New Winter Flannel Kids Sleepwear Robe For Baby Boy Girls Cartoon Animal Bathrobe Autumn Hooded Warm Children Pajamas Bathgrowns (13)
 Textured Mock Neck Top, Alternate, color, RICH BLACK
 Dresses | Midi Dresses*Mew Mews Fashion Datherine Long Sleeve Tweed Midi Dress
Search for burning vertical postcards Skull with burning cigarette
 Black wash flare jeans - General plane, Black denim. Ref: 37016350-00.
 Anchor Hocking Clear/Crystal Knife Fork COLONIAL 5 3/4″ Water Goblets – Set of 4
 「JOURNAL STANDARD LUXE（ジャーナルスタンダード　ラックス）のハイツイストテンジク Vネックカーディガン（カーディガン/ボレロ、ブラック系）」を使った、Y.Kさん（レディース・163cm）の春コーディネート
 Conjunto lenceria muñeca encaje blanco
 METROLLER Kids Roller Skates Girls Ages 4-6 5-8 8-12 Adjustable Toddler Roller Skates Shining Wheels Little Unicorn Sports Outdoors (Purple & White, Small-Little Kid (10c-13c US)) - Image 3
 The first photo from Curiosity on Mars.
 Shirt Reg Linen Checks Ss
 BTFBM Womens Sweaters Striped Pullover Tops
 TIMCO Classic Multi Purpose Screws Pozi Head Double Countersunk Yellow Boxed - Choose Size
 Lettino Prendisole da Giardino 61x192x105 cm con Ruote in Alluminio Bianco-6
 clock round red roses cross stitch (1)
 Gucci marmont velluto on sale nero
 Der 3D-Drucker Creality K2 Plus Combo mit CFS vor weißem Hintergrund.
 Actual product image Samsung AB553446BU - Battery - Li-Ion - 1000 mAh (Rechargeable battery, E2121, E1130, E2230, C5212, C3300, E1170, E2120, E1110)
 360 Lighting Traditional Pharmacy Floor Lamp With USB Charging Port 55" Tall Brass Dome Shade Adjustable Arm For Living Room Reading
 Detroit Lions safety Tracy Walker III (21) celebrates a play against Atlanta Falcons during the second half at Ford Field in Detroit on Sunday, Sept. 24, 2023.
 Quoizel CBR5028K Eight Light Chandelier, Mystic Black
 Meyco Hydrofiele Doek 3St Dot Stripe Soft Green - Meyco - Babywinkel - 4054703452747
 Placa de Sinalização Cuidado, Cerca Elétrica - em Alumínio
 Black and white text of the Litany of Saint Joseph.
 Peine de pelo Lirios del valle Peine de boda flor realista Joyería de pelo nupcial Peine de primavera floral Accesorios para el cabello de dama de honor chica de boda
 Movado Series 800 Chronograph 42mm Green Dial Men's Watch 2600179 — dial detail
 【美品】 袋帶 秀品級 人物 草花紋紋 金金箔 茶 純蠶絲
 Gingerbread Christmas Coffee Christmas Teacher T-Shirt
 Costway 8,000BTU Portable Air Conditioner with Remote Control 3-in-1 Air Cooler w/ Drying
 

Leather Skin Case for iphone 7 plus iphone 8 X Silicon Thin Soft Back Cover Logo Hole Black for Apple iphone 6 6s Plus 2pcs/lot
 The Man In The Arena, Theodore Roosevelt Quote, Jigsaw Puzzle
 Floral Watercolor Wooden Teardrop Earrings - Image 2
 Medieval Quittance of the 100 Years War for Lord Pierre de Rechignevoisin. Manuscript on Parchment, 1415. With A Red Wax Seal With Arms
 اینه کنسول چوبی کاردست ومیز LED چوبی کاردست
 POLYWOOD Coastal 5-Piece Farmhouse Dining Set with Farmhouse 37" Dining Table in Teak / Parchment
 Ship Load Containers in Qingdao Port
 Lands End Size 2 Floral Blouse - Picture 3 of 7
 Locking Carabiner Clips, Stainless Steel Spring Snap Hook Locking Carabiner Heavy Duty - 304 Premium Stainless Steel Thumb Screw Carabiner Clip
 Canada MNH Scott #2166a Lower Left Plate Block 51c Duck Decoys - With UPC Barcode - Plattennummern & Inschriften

◆ Assignment: Output each entry precisely as given.

◆ Answer box:
New Winter Flannel Kids Sleepwear Robe For Baby Boy Girls Cartoon Animal Bathrobe Autumn Hooded Warm Children Pajamas Bathgrowns (13)
 Textured Mock Neck Top, Alternate, color, RICH BLACK
 Dresses | Midi Dresses*Mew Mews Fashion Datherine Long Sleeve Tweed Midi Dress
Search for burning vertical postcards Skull with burning cigarette
 Black wash flare jeans - General plane, Black denim. Ref: 37016350-00.
 Anchor Hocking Clear/Crystal Knife Fork COLONIAL 5 3/4″ Water Goblets – Set of 4
 「JOURNAL STANDARD LUXE（ジャーナルスタンダード　ラックス）のハイツイストテンジク Vネックカーディガン（カーディガン/ボレロ、ブラック系）」を使った、Y.Kさん（レディース・163cm）の春コーディネート
 Conjunto lenceria muñeca encaje blanco
 METROLLER Kids Roller Skates Girls Ages 4-6 5-8 8-12 Adjustable Toddler Roller Skates Shining Wheels Little Unicorn Sports Outdoors (Purple & White, Small-Little Kid (10c-13c US)) - Image 3
 The first photo from Curiosity on Mars.
 Shirt Reg Linen Checks Ss
 BTFBM Womens Sweaters Striped Pullover Tops
 TIMCO Classic Multi Purpose Screws Pozi Head Double Countersunk Yellow Boxed - Choose Size
 Lettino Prendisole da Giardino 61x192x105 cm con Ruote in Alluminio Bianco-6
 clock round red roses cross stitch (1)
 Gucci marmont velluto on sale nero
 Der 3D-Drucker Creality K2 Plus Combo mit CFS vor weißem Hintergrund.
 Actual product image Samsung AB553446BU - Battery - Li-Ion - 1000 mAh (Rechargeable battery, E2121, E1130, E2230, C5212, C3300, E1170, E2120, E1110)
 360 Lighting Traditional Pharmacy Floor Lamp With USB Charging Port 55" Tall Brass Dome Shade Adjustable Arm For Living Room Reading
 Detroit Lions safety Tracy Walker III (21) celebrates a play against Atlanta Falcons during the second half at Ford Field in Detroit on Sunday, Sept. 24, 2023.
 Quoizel CBR5028K Eight Light Chandelier, Mystic Black
 Meyco Hydrofiele Doek 3St Dot Stripe Soft Green - Meyco - Babywinkel - 4054703452747
 Placa de Sinalização Cuidado, Cerca Elétrica - em Alumínio
 Black and white text of the Litany of Saint Joseph.
 Peine de pelo Lirios del valle Peine de boda flor realista Joyería de pelo nupcial Peine de primavera floral Accesorios para el cabello de dama de honor chica de boda
 Movado Series 800 Chronograph 42mm Green Dial Men's Watch 2600179 — dial detail
 【美品】 袋帶 秀品級 人物 草花紋紋 金金箔 茶 純蠶絲
 Gingerbread Christmas Coffee Christmas Teacher T-Shirt
 Costway 8,000BTU Portable Air Conditioner with Remote Control 3-in-1 Air Cooler w/ Drying
 

Leather Skin Case for iphone 7 plus iphone 8 X Silicon Thin Soft Back Cover Logo Hole Black for Apple iphone 6 6s Plus 2pcs/lot
 The Man In The Arena, Theodore Roosevelt Quote, Jigsaw Puzzle
 Floral Watercolor Wooden Teardrop Earrings - Image 2
 Medieval Quittance of the 100 Years War for Lord Pierre de Rechignevoisin. Manuscript on Parchment, 1415. With A Red Wax Seal With Arms
 اینه کنسول چوبی کاردست ومیز LED چوبی کاردست
 POLYWOOD Coastal 5-Piece Farmhouse Dining Set with Farmhouse 37" Dining Table in Teak / Parchment
 Ship Load Containers in Qingdao Port
 Lands End Size 2 Floral Blouse - Picture 3 of 7
 Locking Carabiner Clips, Stainless Steel Spring Snap Hook Locking Carabiner Heavy Duty - 304 Premium Stainless Steel Thumb Screw Carabiner Clip
 Canada MNH Scott #2166a Lower Left Plate Block 51c Duck Decoys - With UPC Barcode - Plattennummern & Inschriften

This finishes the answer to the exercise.